• **Aim of the task**
A verbatim copy is needed of the lines below from the one containing "Römmig/NDR/B|14 FILM/Arte/dpa Albrecht" up to and including the one containing "1 bed, 1 bath", excluding pictures.

━━━━━ Available records

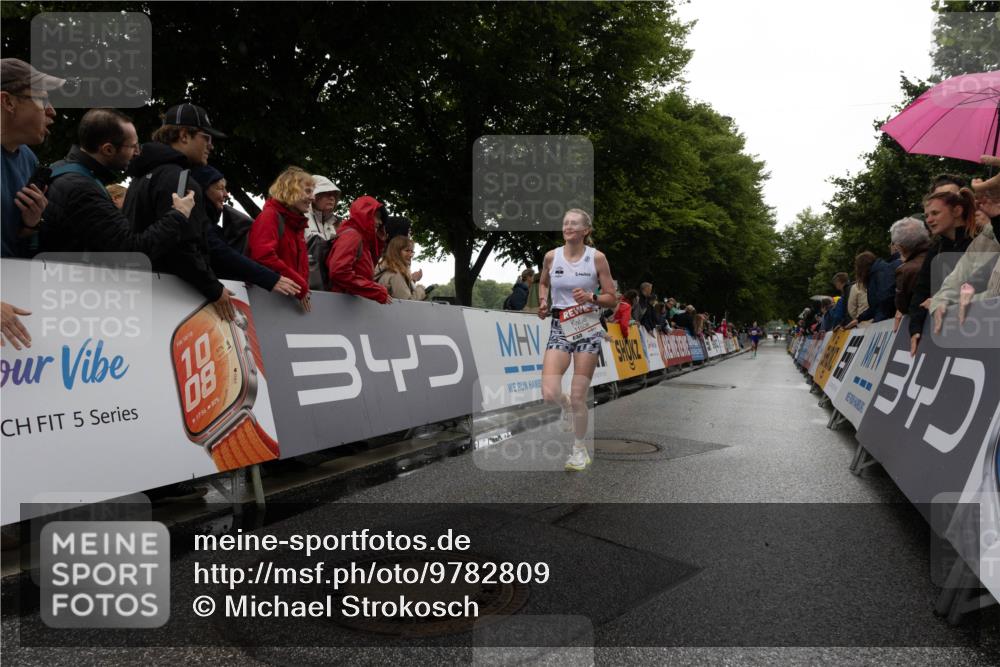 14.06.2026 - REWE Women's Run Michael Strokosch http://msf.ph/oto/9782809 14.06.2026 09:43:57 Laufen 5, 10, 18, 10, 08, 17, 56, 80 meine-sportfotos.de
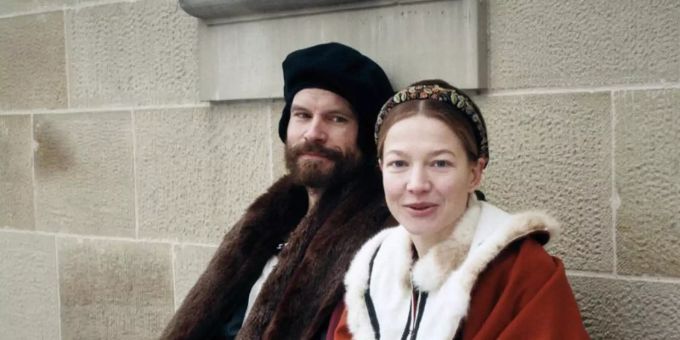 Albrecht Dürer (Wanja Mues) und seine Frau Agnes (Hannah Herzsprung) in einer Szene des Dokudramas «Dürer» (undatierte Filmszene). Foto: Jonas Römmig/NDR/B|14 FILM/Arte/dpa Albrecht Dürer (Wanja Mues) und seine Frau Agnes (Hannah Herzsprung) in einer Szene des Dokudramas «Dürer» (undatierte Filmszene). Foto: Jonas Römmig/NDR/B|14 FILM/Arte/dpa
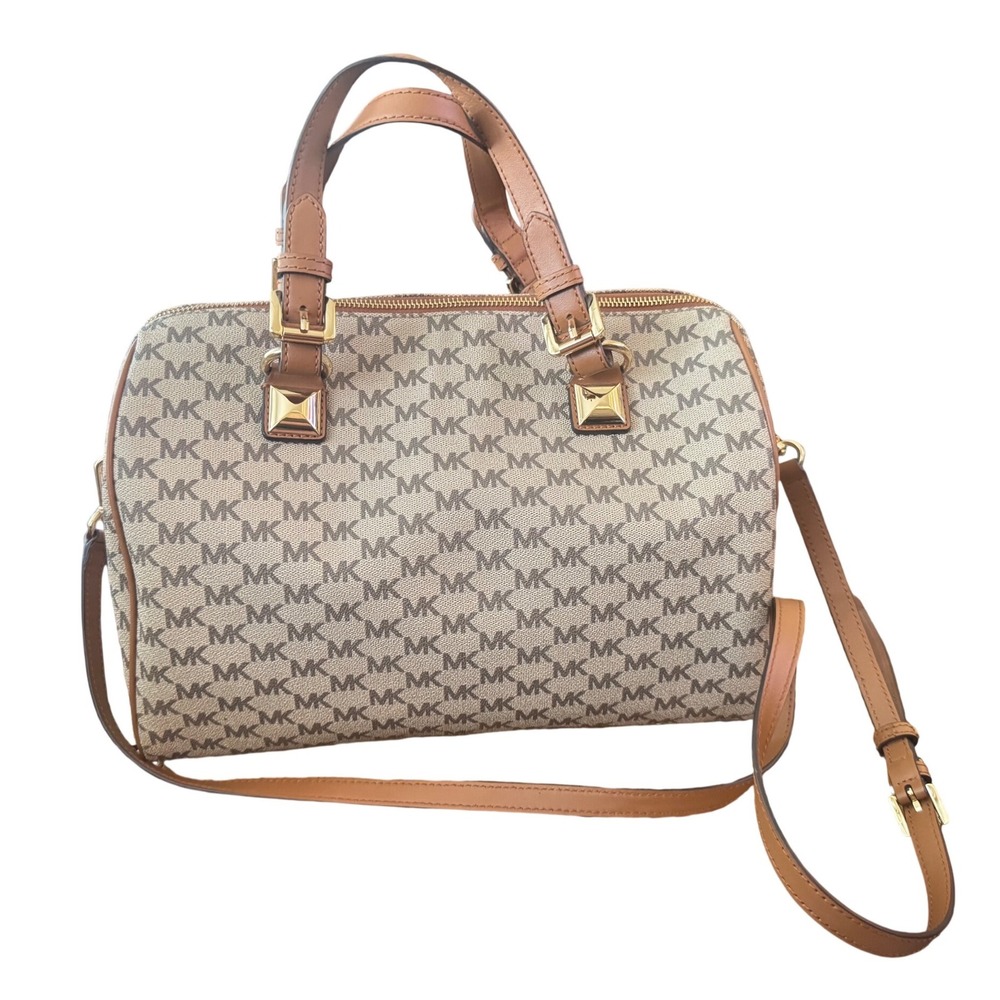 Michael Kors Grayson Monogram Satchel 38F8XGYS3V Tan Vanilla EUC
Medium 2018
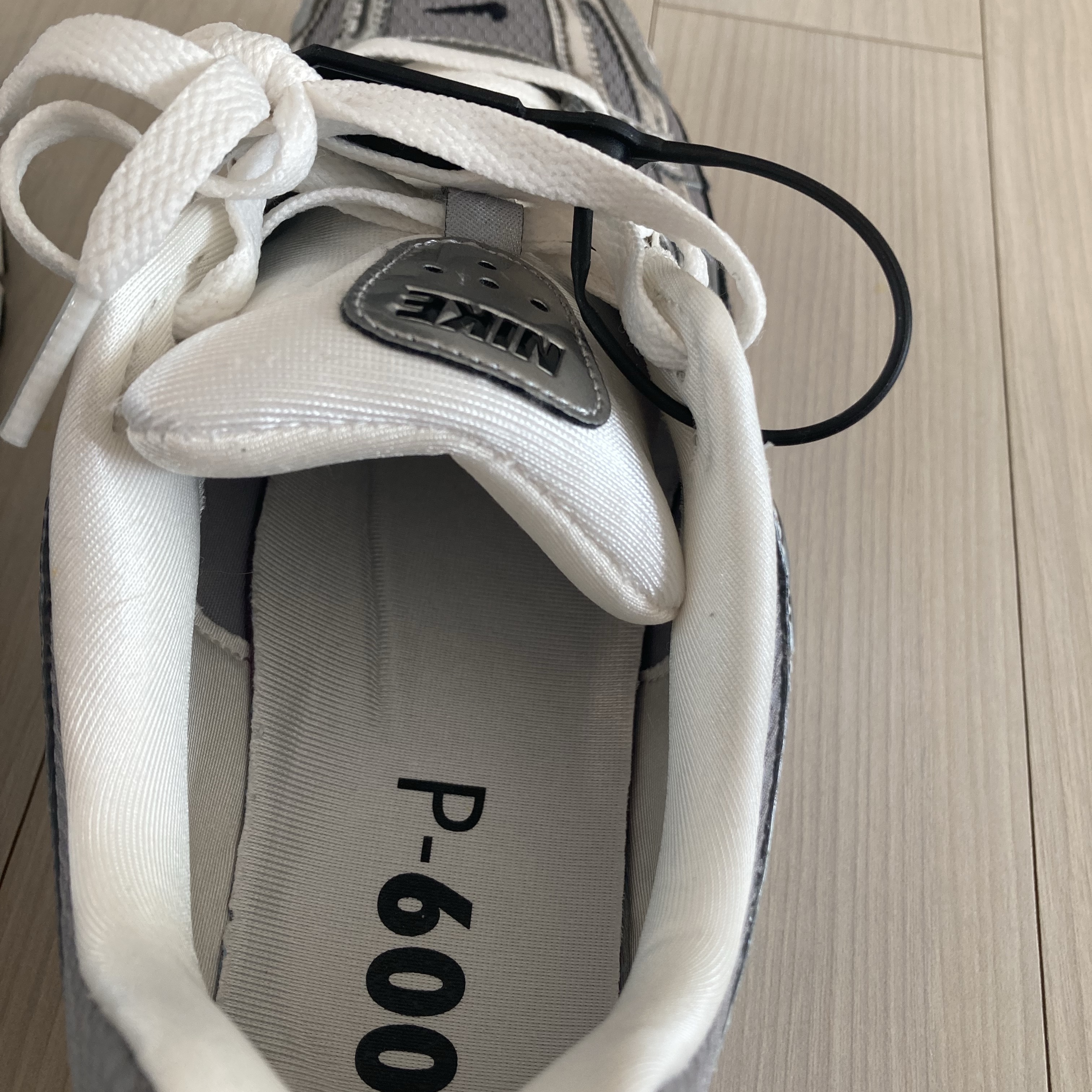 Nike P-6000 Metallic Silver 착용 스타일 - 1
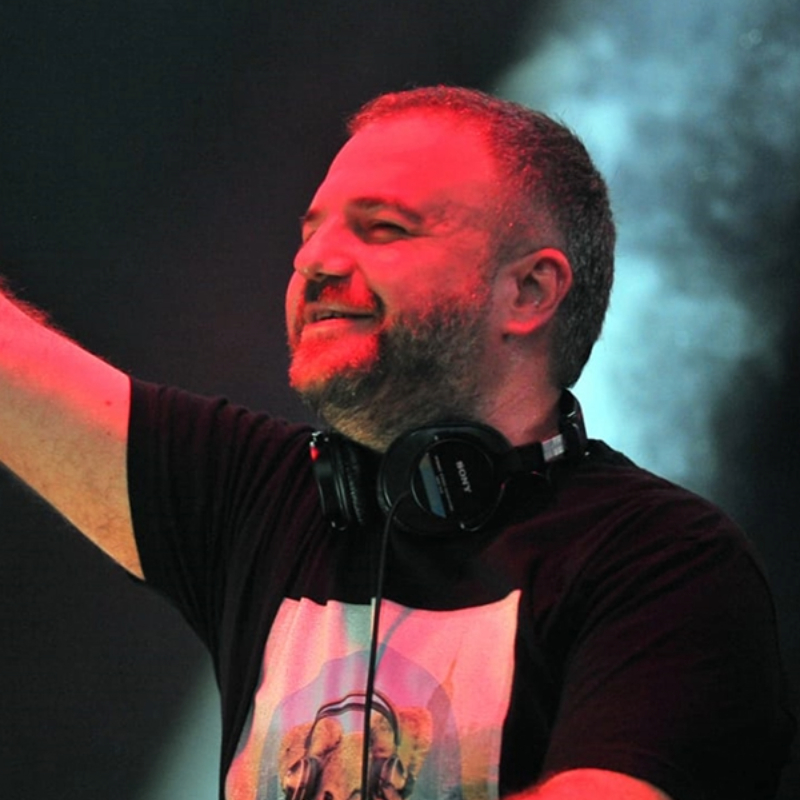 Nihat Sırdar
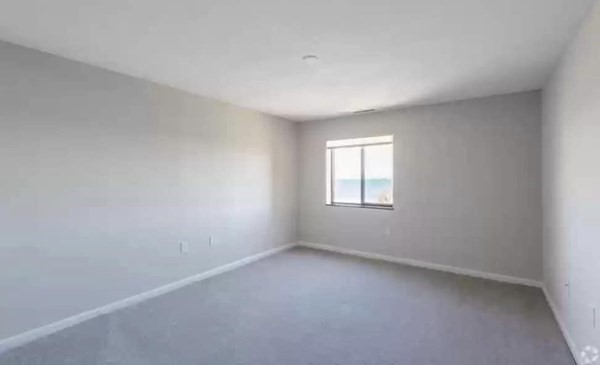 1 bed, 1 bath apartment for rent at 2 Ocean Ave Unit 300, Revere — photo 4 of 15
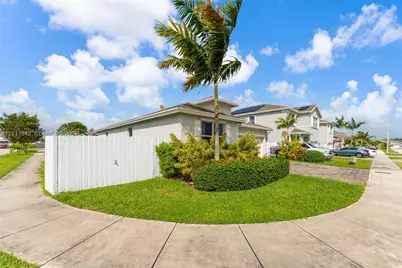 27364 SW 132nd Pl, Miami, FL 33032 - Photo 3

━━━━━━━━━━
━━━━━ Available records

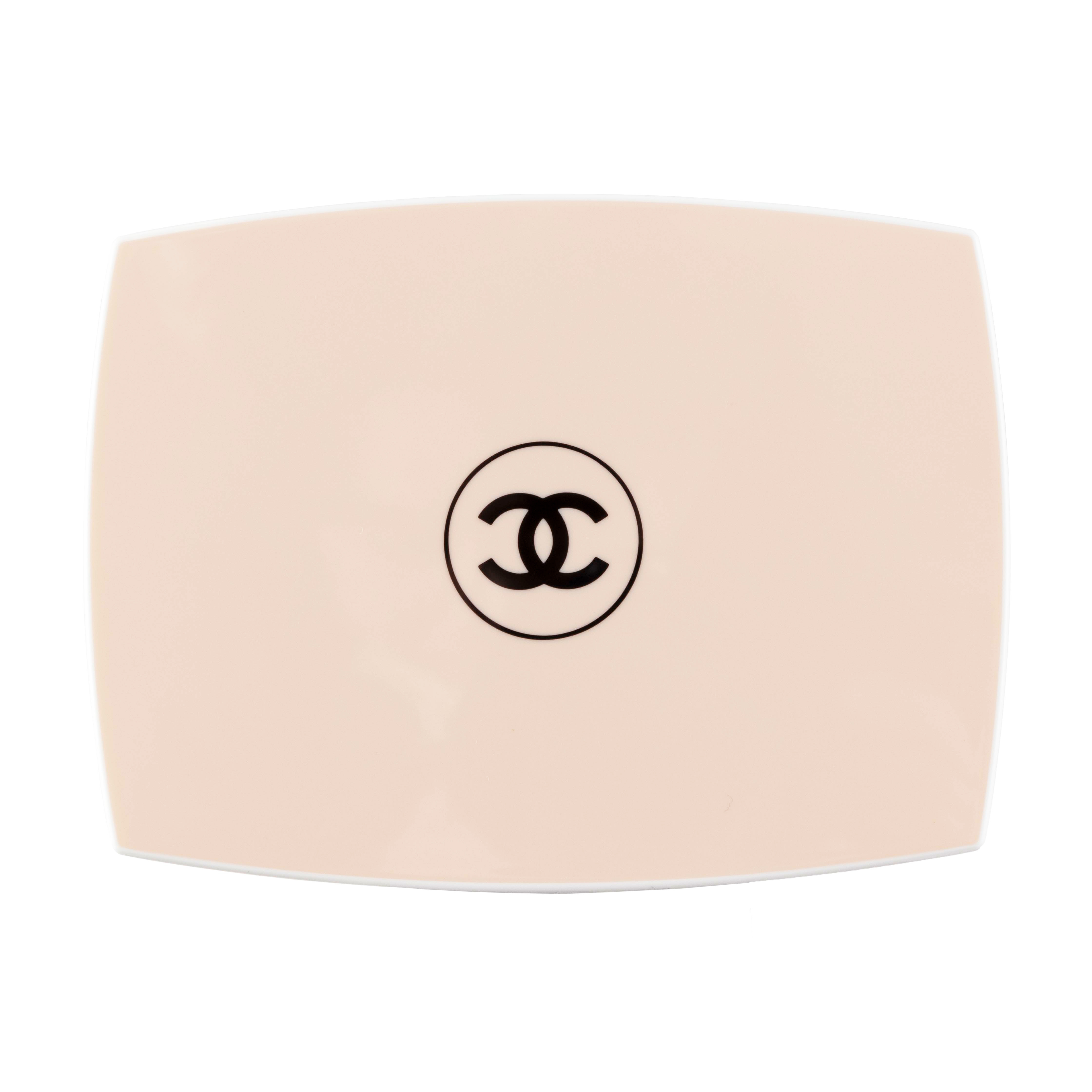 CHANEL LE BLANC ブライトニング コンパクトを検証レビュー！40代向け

━━━━━━━━━━

• **Solution for this exercise**
 Albrecht Dürer (Wanja Mues) und seine Frau Agnes (Hannah Herzsprung) in einer Szene des Dokudramas «Dürer» (undatierte Filmszene). Foto: Jonas Römmig/NDR/B|14 FILM/Arte/dpa Albrecht Dürer (Wanja Mues) und seine Frau Agnes (Hannah Herzsprung) in einer Szene des Dokudramas «Dürer» (undatierte Filmszene). Foto: Jonas Römmig/NDR/B|14 FILM/Arte/dpa
 Michael Kors Grayson Monogram Satchel 38F8XGYS3V Tan Vanilla EUC
Medium 2018
 Nike P-6000 Metallic Silver 착용 스타일 - 1
 Nihat Sırdar
 1 bed, 1 bath apartment for rent at 2 Ocean Ave Unit 300, Revere — photo 4 of 15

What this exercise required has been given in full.